Question: How we can determine which element in an array is majority element? (A majority element is the one which occurs most of the time compared with the other elements)

For example in the string: ABCAGRADART - A is the majority element.

A naive solution of this problem will be to traverse the string (the array) and count the number of occurrences of every character. - In that case we will store a of of unnecessary information.

Another approach is to put every element in a hash-map and then after all the elements are in the map to traverse the elements in the map and see which has the biggest value in its key/value pair.

Both of the above solutions can be used for solving the problem but there is more effective way of doing that.
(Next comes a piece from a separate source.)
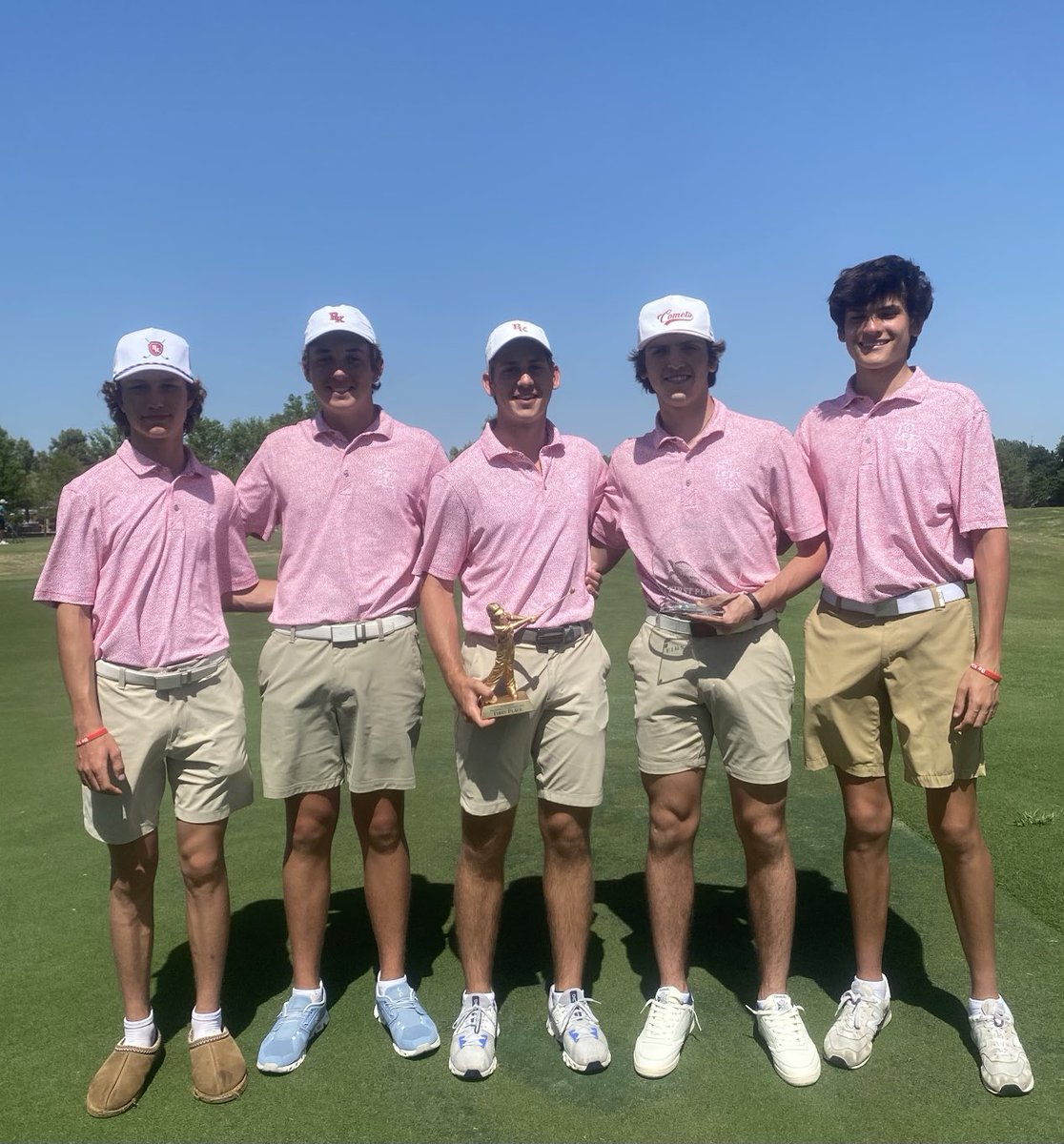 BKCometGolf's tweet photo. Boys win Skiatook Invitational at Bailey Ranch! Senior Will Hennessee birdied 4 of the final 6 holes to take medalist honors. Sophomores George Miley and Adan Beall finish with top 10 scores. https://t.co/plk7TSrGbW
If we store a pair of the current candidate for majority element and the number of occurences. When we move through the array we compare the next element with the current one...



public class MajorityVotingAlgorithm {
public static void main(String[] args) {
char[] votes = { 'A', 'A', 'A', 'C', 'C', 'C', 'B', 'B', 'C', 'C', 'C',
'B', 'C', 'C' };

int counter = 0;
char candidate = ' ';
for (char v : votes) {
if (counter == 0) {
candidate = v;
counter++;
} else {
if (candidate == v)
counter++;
else
counter--;
}
}

System.out.println("Majority Element is: " + candidate + " (counter = "
+ counter + ")");
}
}